Dataset section:

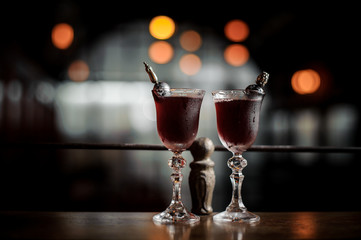 Two elegant glasses filled with fresh sweet and strong summer Arnaud cocktail on the dark blurred background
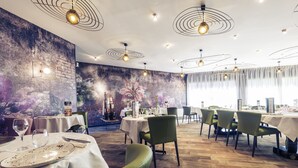 A restaurant with multiple tables, green chairs, and a mural on the wall. - Mercure Bourg En Bresse (Bourg-en-Bresse)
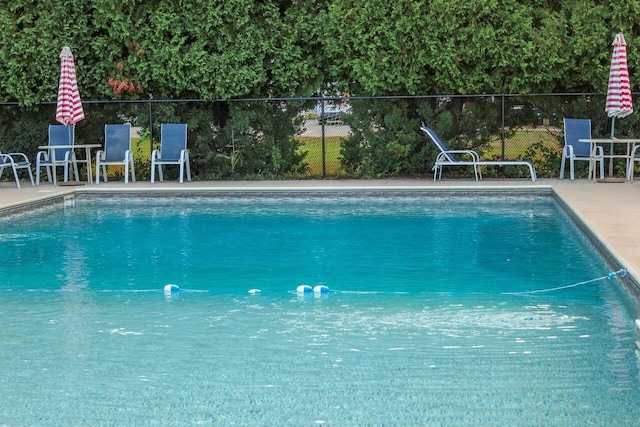 view of swimming pool featuring a patio, fence, and a fenced in pool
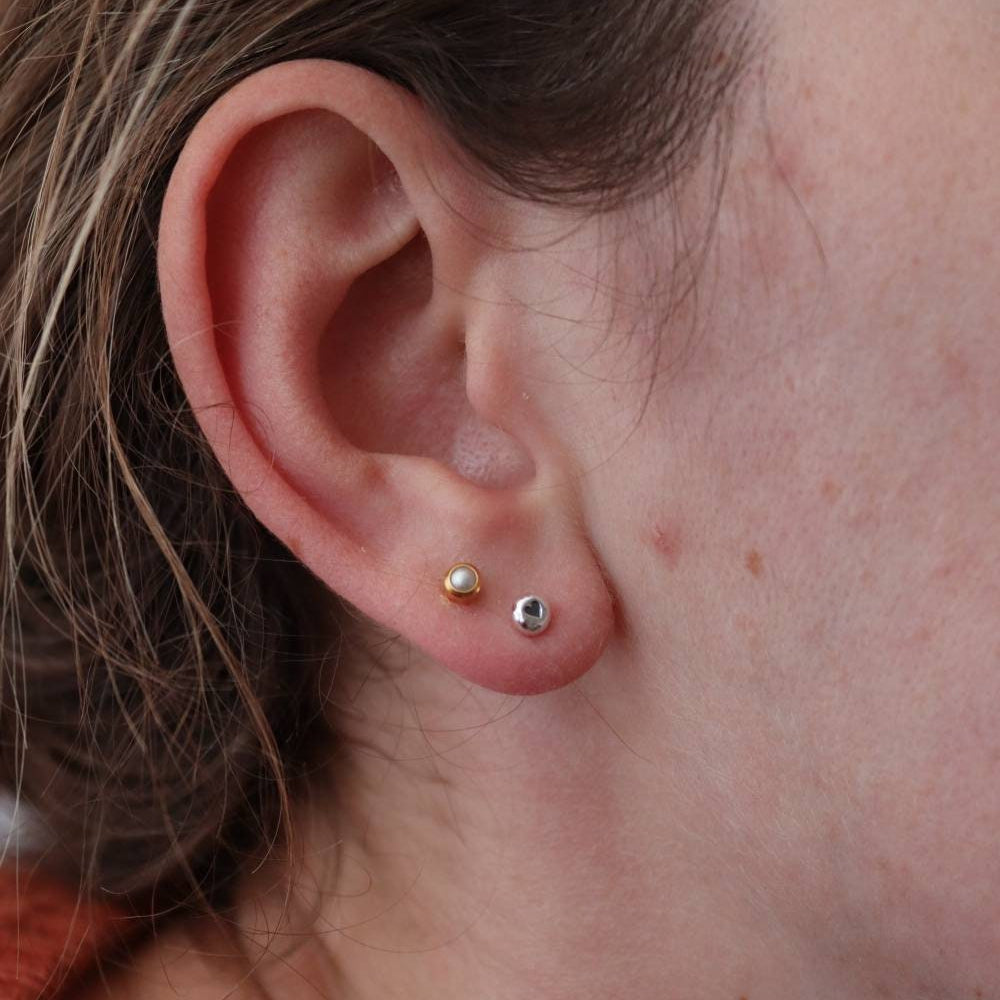 Small silver dot earrings with a heart design, being worn.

Assignment:
All lines from the one containing "view of swimming" through the end of the data are to be restated exactly, with nothing else and without the pictures.

Task output:
 view of swimming pool featuring a patio, fence, and a fenced in pool
 Small silver dot earrings with a heart design, being worn.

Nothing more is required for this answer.